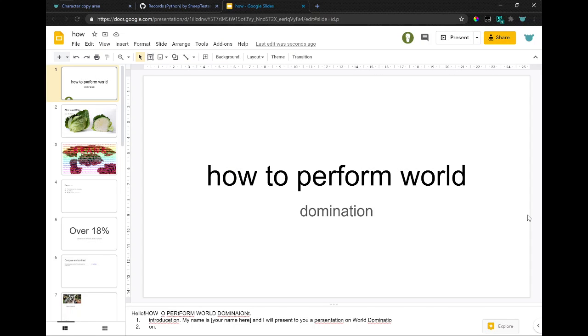Hello. Welcome to a world domination introduction. My name is your name here, and I will present you a presentation on world domination.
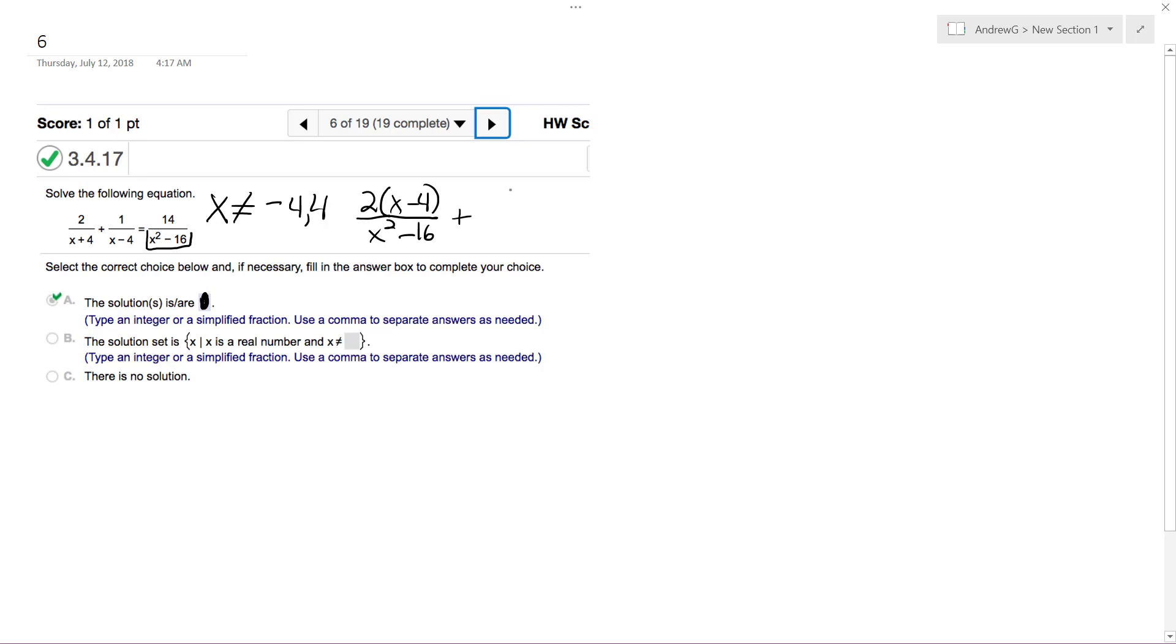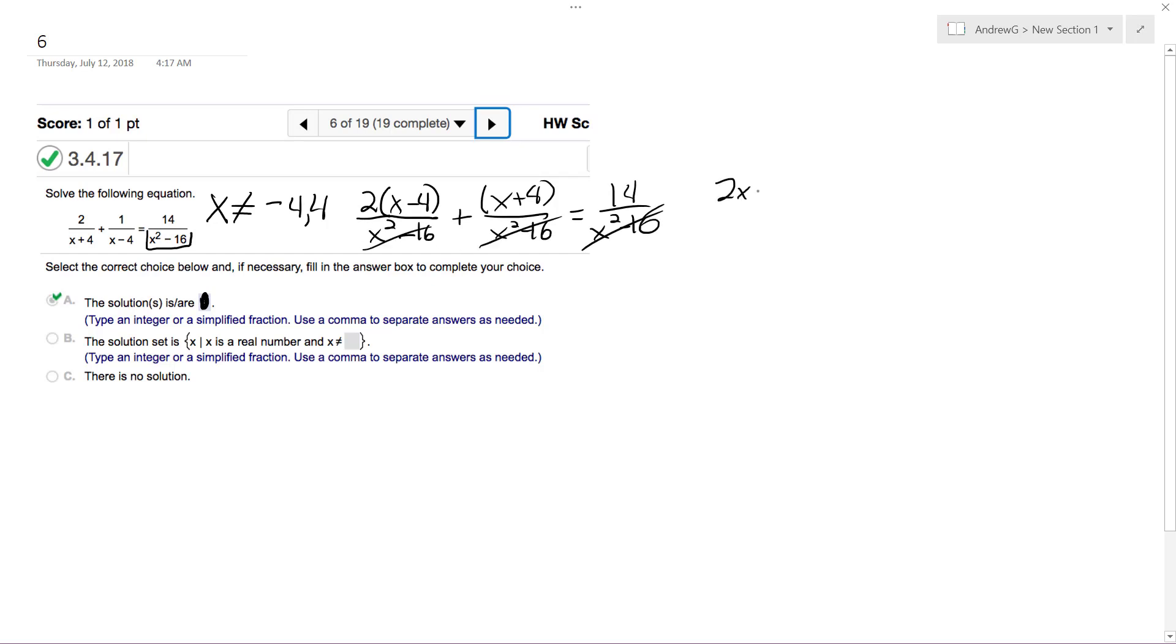And same principle on top here, this becomes x plus 4 over x squared minus 16 is equal to 14 over x squared minus 16. So we can drop all the denominators and we get 2x minus 8 plus x plus 4 equals 14.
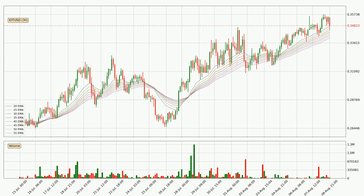Looking at the three-hourly exponential moving averages, the current price is above the three-hourly ribbon, which is generally bullish and the ribbon could play as support, so it is to watch if the price could bounce off it. The current price to watch is around 33.8 cents. The ribbon is relatively spread out so the support should be considered.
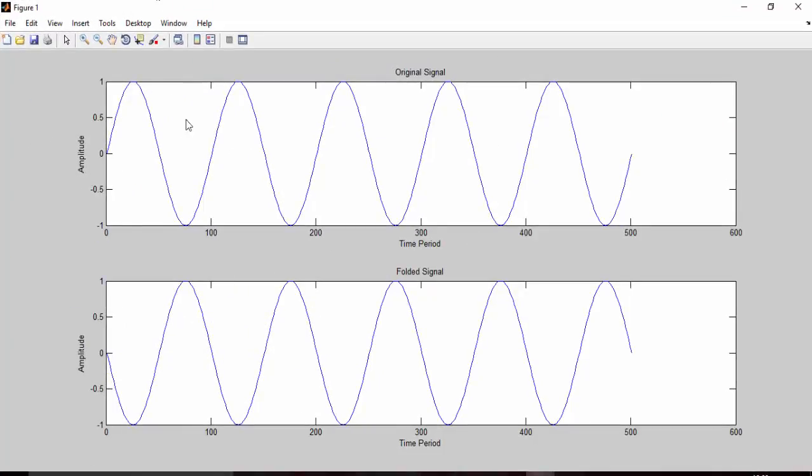In my next video I will show how to fold a sequence. Where I have written plot, you will be finding stem instead. Thank you for watching this video.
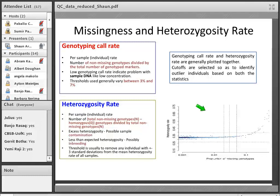Missingness is the genotype call rate per individual — the number of non-missing genotypes divided by the total number of genotype markers. If a sample has a lot of SNPs that have not been genotyped, it's an indication that something might have been wrong with that sample — perhaps low DNA concentration or poor sample preparation. Generally the threshold we use is: if a sample has greater than 3% to 7% missingness, we say it's likely that sample was not genotyped properly and we'll exclude it.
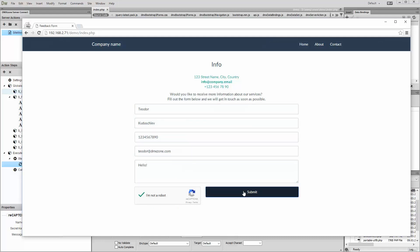That's how easy it is to protect your forms from spam bots using DMX Zone reCAPTCHA 2.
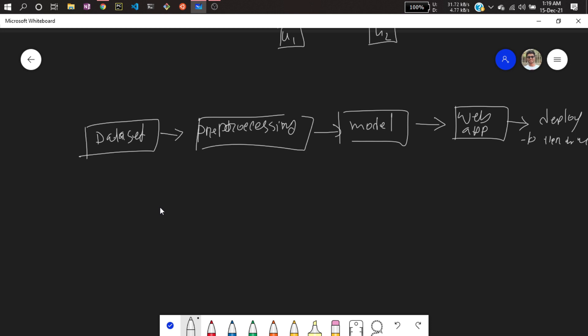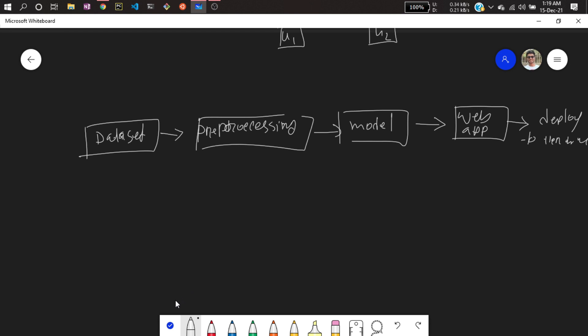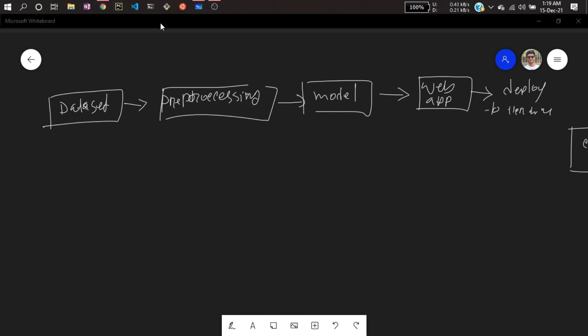So this is the entire stages I will be doing. We will see all the stages one by one, and at the end of this video I will show you how we can deploy that project to Heroku. First of all, let me discuss about the dataset.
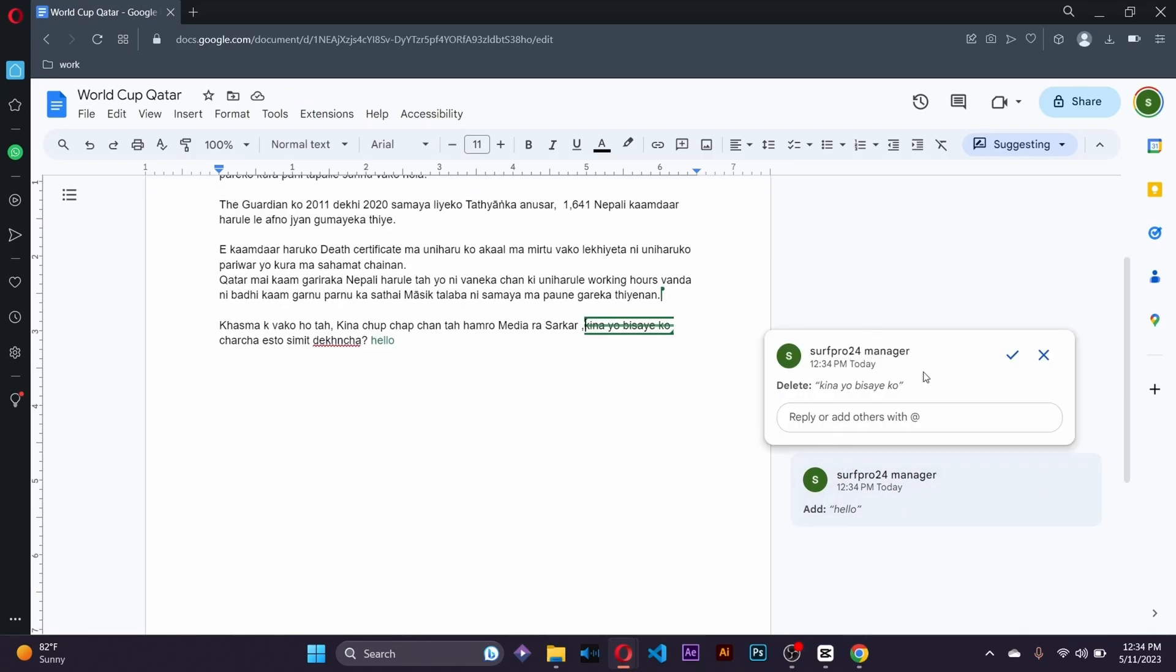So all of this, the changes that you've made, is seen by the other members of the group that you've shared the document with.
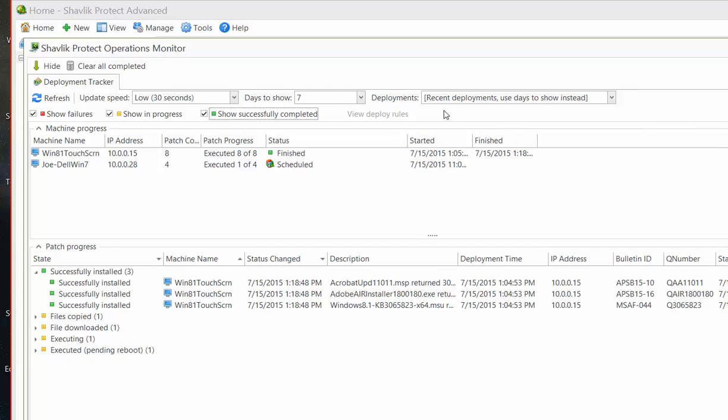While Deployment Tracker is a great tool for viewing patch deployments currently in progress, it does not show you deployments that are scheduled for execution. To view these tasks, you use the Scheduled Remote Tasks Manager.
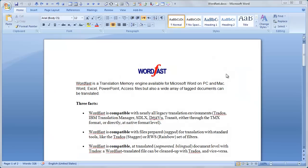In a previous video, you learned how to convert Wordfast Pro TXML files to bilingual Word documents similar to those generated by Wordfast Classic or Trados 2007.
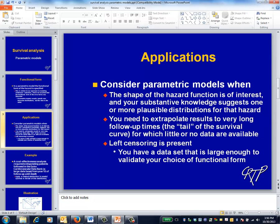This slide about when you might consider using a parametric survival model contains three reasons for doing so and one condition that should usually be satisfied. One reason you might want to use a parametric model is that you're actually interested in the shape of the hazard function and the values of its parameters.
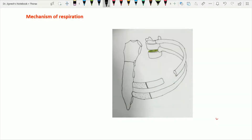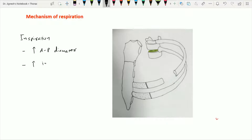Now let's see the mechanism of respiration. We are going to see first the mechanism of inspiration. In case of inspiration, all three diameters of the thoracic cavity increase: the anterior-posterior diameter, the transverse diameter, and the vertical diameter. Let's see how all three diameters are going to increase one by one.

+++

#### [Task brief]
Everything in the records must be transcribed exactly, except the pictures, which are left out.

#### [Expected output]
Hello. Welcome to a world domination introduction. My name is your name here, and I will present you a presentation on world domination.
And same principle on top here, this becomes x plus 4 over x squared minus 16 is equal to 14 over x squared minus 16. So we can drop all the denominators and we get 2x minus 8 plus x plus 4 equals 14.
Looking at the three-hourly exponential moving averages, the current price is above the three-hourly ribbon, which is generally bullish and the ribbon could play as support, so it is to watch if the price could bounce off it. The current price to watch is around 33.8 cents. The ribbon is relatively spread out so the support should be considered.
In my next video I will show how to fold a sequence. Where I have written plot, you will be finding stem instead. Thank you for watching this video.
Missingness is the genotype call rate per individual — the number of non-missing genotypes divided by the total number of genotype markers. If a sample has a lot of SNPs that have not been genotyped, it's an indication that something might have been wrong with that sample — perhaps low DNA concentration or poor sample preparation. Generally the threshold we use is: if a sample has greater than 3% to 7% missingness, we say it's likely that sample was not genotyped properly and we'll exclude it.
That's how easy it is to protect your forms from spam bots using DMX Zone reCAPTCHA 2.
So this is the entire stages I will be doing. We will see all the stages one by one, and at the end of this video I will show you how we can deploy that project to Heroku. First of all, let me discuss about the dataset.
So all of this, the changes that you've made, is seen by the other members of the group that you've shared the document with.
While Deployment Tracker is a great tool for viewing patch deployments currently in progress, it does not show you deployments that are scheduled for execution. To view these tasks, you use the Scheduled Remote Tasks Manager.
In a previous video, you learned how to convert Wordfast Pro TXML files to bilingual Word documents similar to those generated by Wordfast Classic or Trados 2007.
This slide about when you might consider using a parametric survival model contains three reasons for doing so and one condition that should usually be satisfied. One reason you might want to use a parametric model is that you're actually interested in the shape of the hazard function and the values of its parameters.
Now let's see the mechanism of respiration. We are going to see first the mechanism of inspiration. In case of inspiration, all three diameters of the thoracic cavity increase: the anterior-posterior diameter, the transverse diameter, and the vertical diameter. Let's see how all three diameters are going to increase one by one.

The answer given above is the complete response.